Work to be completed: Copy out all lines bearing the word "image" from the listing below.

Data section:
-------

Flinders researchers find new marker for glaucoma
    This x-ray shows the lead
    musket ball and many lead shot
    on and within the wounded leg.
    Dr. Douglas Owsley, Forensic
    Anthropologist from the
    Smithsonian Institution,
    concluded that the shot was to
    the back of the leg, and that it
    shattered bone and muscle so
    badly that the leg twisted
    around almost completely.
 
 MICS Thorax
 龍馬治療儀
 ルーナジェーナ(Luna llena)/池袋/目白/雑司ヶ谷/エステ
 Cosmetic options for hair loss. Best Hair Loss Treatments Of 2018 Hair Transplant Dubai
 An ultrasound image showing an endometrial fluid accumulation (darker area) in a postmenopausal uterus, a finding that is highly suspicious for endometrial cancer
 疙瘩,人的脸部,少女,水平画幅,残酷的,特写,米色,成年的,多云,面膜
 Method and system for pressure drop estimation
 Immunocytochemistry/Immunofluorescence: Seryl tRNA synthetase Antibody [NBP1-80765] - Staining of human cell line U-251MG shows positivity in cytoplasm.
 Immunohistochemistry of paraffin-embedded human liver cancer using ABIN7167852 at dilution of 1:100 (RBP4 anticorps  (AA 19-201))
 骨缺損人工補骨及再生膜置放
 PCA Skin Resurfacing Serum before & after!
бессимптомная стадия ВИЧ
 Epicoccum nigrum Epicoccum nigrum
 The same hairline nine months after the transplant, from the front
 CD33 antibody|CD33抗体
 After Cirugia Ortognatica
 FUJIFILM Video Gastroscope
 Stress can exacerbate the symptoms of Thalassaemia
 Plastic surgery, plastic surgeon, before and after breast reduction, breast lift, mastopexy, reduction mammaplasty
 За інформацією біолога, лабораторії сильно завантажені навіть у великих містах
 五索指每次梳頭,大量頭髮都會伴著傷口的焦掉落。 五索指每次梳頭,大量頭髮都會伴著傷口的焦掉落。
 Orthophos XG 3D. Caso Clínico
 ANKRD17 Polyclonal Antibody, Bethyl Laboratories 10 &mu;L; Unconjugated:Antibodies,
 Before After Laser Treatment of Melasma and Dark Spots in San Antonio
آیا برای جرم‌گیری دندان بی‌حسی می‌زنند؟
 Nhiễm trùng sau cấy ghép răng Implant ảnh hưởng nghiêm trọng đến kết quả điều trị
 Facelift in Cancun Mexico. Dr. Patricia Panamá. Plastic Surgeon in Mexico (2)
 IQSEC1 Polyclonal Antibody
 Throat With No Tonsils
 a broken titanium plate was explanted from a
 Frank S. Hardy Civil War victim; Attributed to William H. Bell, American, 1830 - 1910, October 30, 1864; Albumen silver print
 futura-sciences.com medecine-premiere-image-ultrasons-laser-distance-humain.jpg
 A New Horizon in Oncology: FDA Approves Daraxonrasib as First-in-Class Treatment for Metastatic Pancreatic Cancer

-------

Problem solution:
 An ultrasound image showing an endometrial fluid accumulation (darker area) in a postmenopausal uterus, a finding that is highly suspicious for endometrial cancer
 futura-sciences.com medecine-premiere-image-ultrasons-laser-distance-humain.jpg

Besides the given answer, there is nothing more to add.